The above limit means if we projected linearly we’d see points crowded around the edges of a circle. With warping we pull some of those closer to the center and push many points far way from the origin.

Conclusion

If you have made this far, hopefully you have a better understanding of how t-SNE works. Well, at least I do. Now I am going to go over details that I glossed over, but briefly.

t-SNE actually deals with joint probabilities, defined as

\[p_{ij} = \frac{p_{i|j} + p_{j|i}}{2N},\]

where \(N\) is the size of the dataset. Division by \(2N\) simply makes sure probabilities add up to 1. This makes the algorithm more robust to outliers. Note that joint probabilities are symmetric. When looking for \(q_{ij}\) Kullback-Leibler divergence is used, as it’s the information-theoretic way of defining how similar two distributions are one to another. In equation (1) I used Gaussian distribution with variance 2. However, in real t-SNE variance is estimated for each point using perplexity parameter, defined as 2 raised to the power of Shannon’s entropy. The perplexity is constant for each point: this way the variance is determined by the density of the region around each point. Finally, when \(q\)’s are searched for, a gradient descent with momentum is used.

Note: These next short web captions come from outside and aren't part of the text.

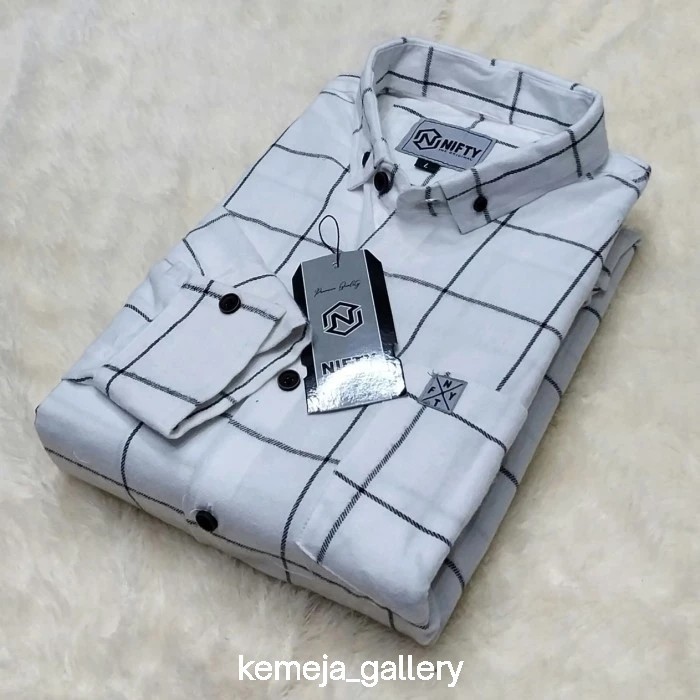 Kemeja Flanel Putih Lengan Panjang Pria Wanita Keren Terbaru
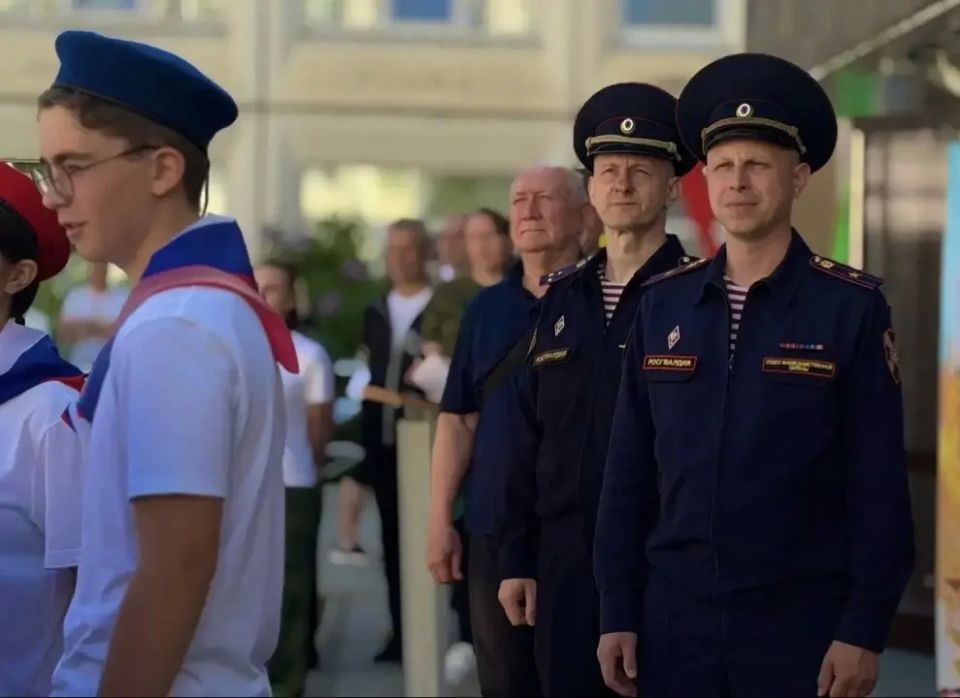 Росгвардейцы организовали военно-патриотическую игру «Зарница» в Подмосковье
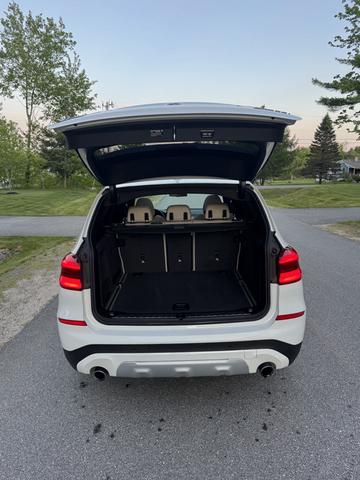 Photo of 2019 White BMW X3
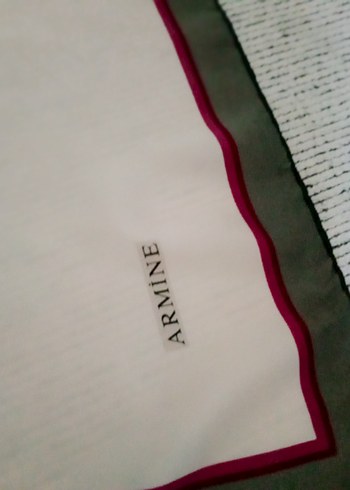 Çiçek Desenli Çok Renkli İpek Fular - Görsel 2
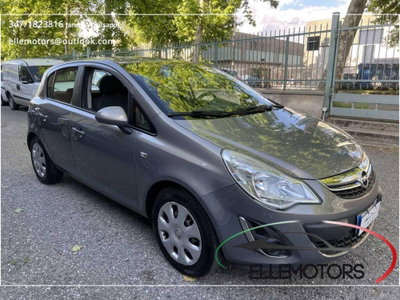 Opel Corsa 1.2 5 porte Cosmo (3)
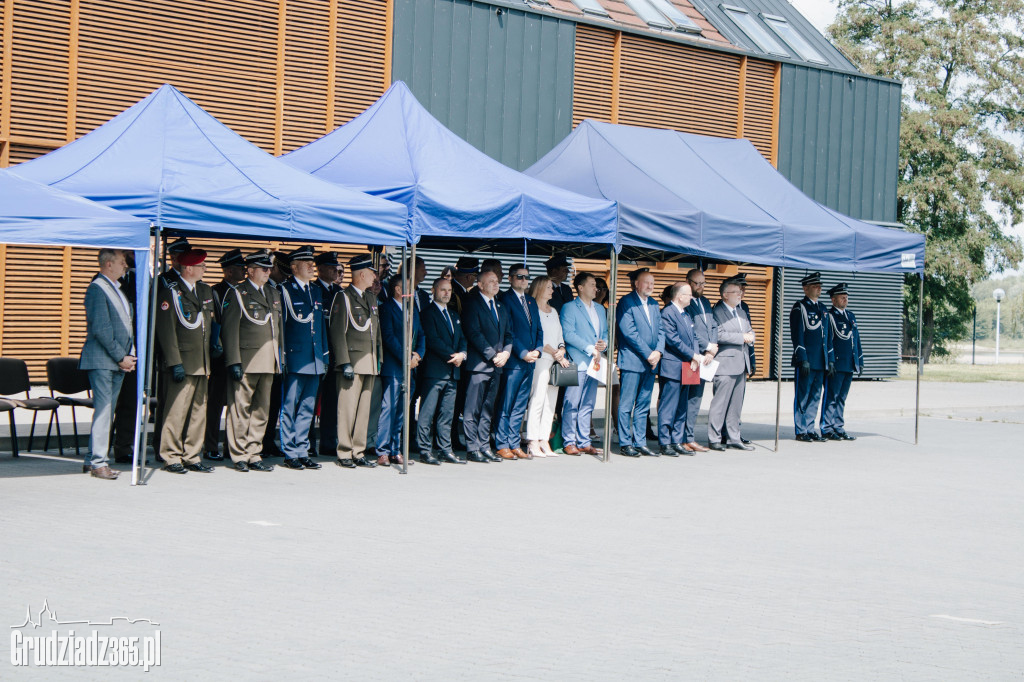 Święto Policji w Grudziądzu: Awanse, odznaczenia i podziękowania w marinie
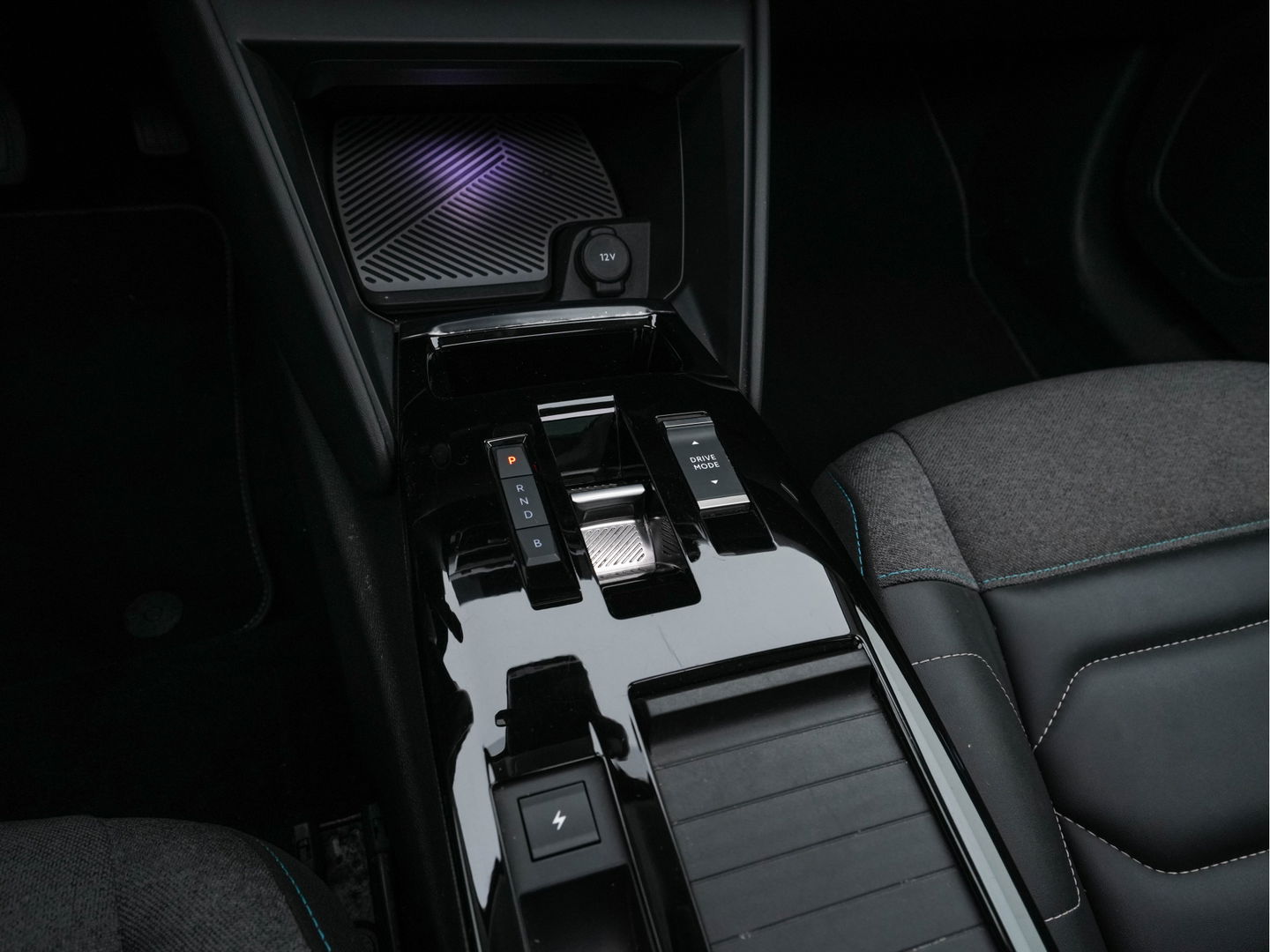 Citroën Ë-C4 Feel 50 kWh [ 3-Fase-11kW ] (INCL-BTW) *PANO | HEAD-UP | LEATHER-FABRIC | FULL-LED | DIGI-COCKPIT | BLINDSPOT | CARPLAY | COMFORT-SEATS | ECC | LANE-ASSIST | KEYLESS | PDC | CRUISE | DAB  | CCS-FASTLOADER | 18''ALU*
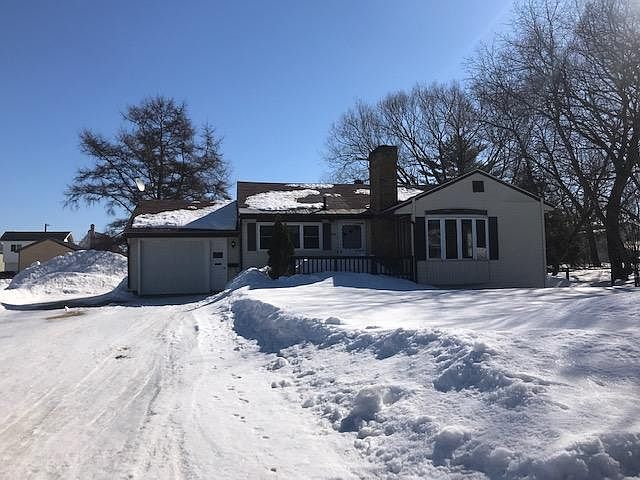 1st image of 1011 Lizzie St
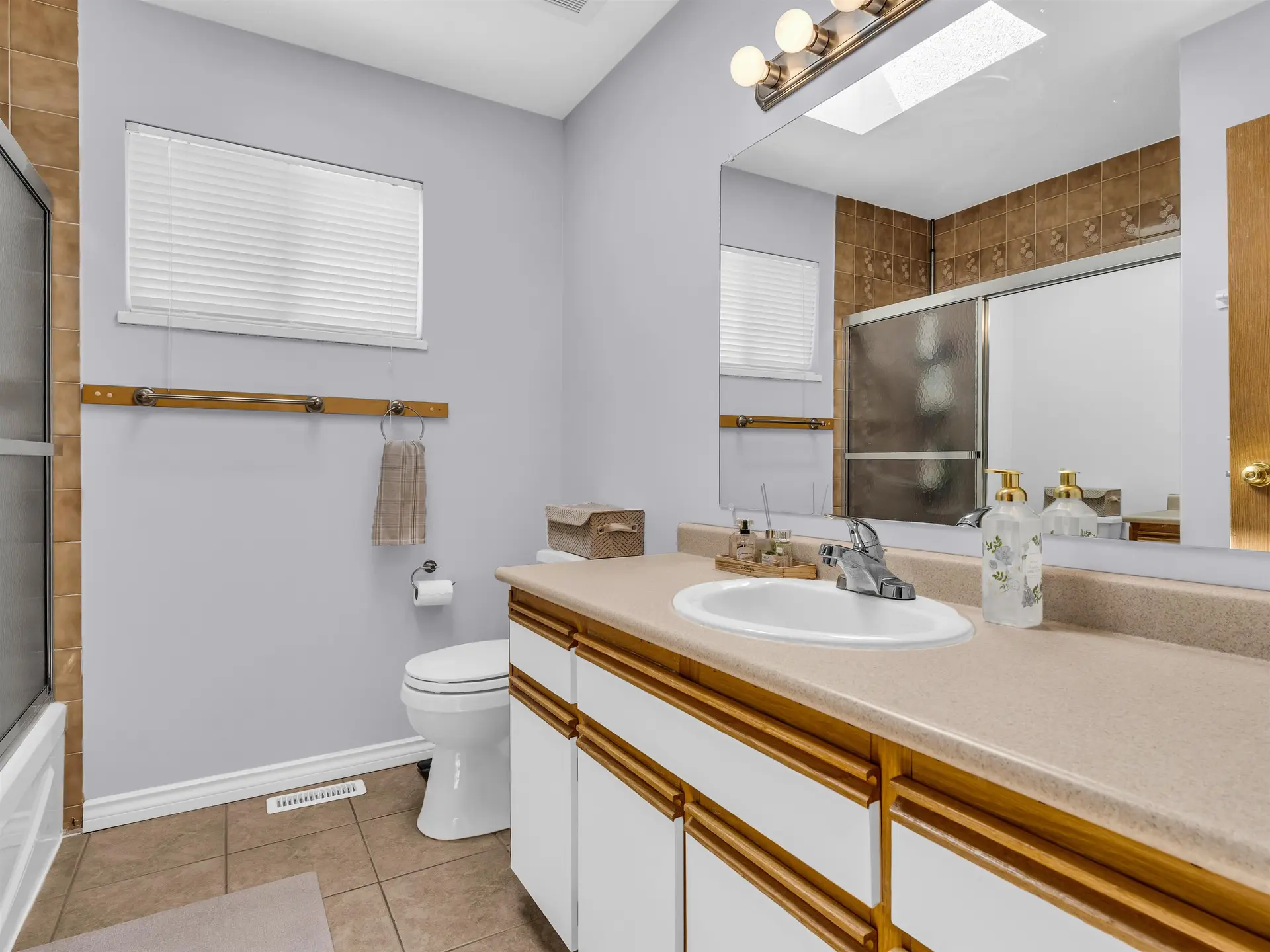 1264 Lasalle Place - Image 10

To complete the post, I am including real t-SNE applied to the 7 datapoints:

CODE

from sklearn.manifold import TSNE

fig = plt.figure(figsize=(14, 5))
ax1 = fig.add_subplot(121)
make_scatter(points, ax=ax1)
ax2 = fig.add_subplot(122)
make_scatter(
    TSNE(perplexity=2,
         method='exact',
         random_state=seed).fit_transform(points), ax=ax2)
ax1.set_title('original points')
ax2.set_title('real t-SNE')

real_tsne

See more:

Appendix

Animation code can be found here:

CODE

from matplotlib import animation
from IPython.display import HTML

def find_lims(accumulate):
    x_min = 0
    x_max = 0
    y_min = 0
    y_max = 0

    for frame_points in accumulate:
        reshaped = frame_points.reshape(-1, 2)
        x = reshaped[:, 0]
        y = reshaped[:, 1]
        curr_xmin = x.min()
        curr_xmax = x.max()
        curr_ymin = y.min()
        curr_ymax = y.max()

        if curr_xmin < x_min:
            x_min = curr_xmin

        if curr_xmax > x_max:
            x_max = curr_xmax

        if curr_ymin < y_min:
            y_min = curr_ymin

        if curr_ymax > y_max:
            y_max = curr_ymax

    return (np.array([x_min, x_max]), np.array([y_min, y_max]))

def animate(accumulate, frames=1000):
    step = int(len(accumulate) / frames)

    fig, ax = plt.subplots()
    scatter = ax.scatter([], [])
    lims = find_lims(accumulate)
    ax.set_xlim(lims[0] * 1.05)
    ax.set_ylim(lims[1] * 1.05)


    # initialization function: plot the background of each frame
    def init():
        scatter.set_offsets(np.array([[], []]).T)
        return (scatter,)

    def animate(i):
        j = i * step
        scatter.set_offsets(accumulate[j].reshape(-1, 2))
        return (scatter,)

    anim = animation.FuncAnimation(fig, animate, init_func=init,
                                   frames=frames, interval=10, blit=True)
    return anim

HTML(animate(accumulate).to_html5_video())

  1. scipy.optimize.minimize uses Broyden–Fletcher–Goldfarb–Shanno algorithm, which tries to approximate gradient and the second derivative: so it’s not quite brute force.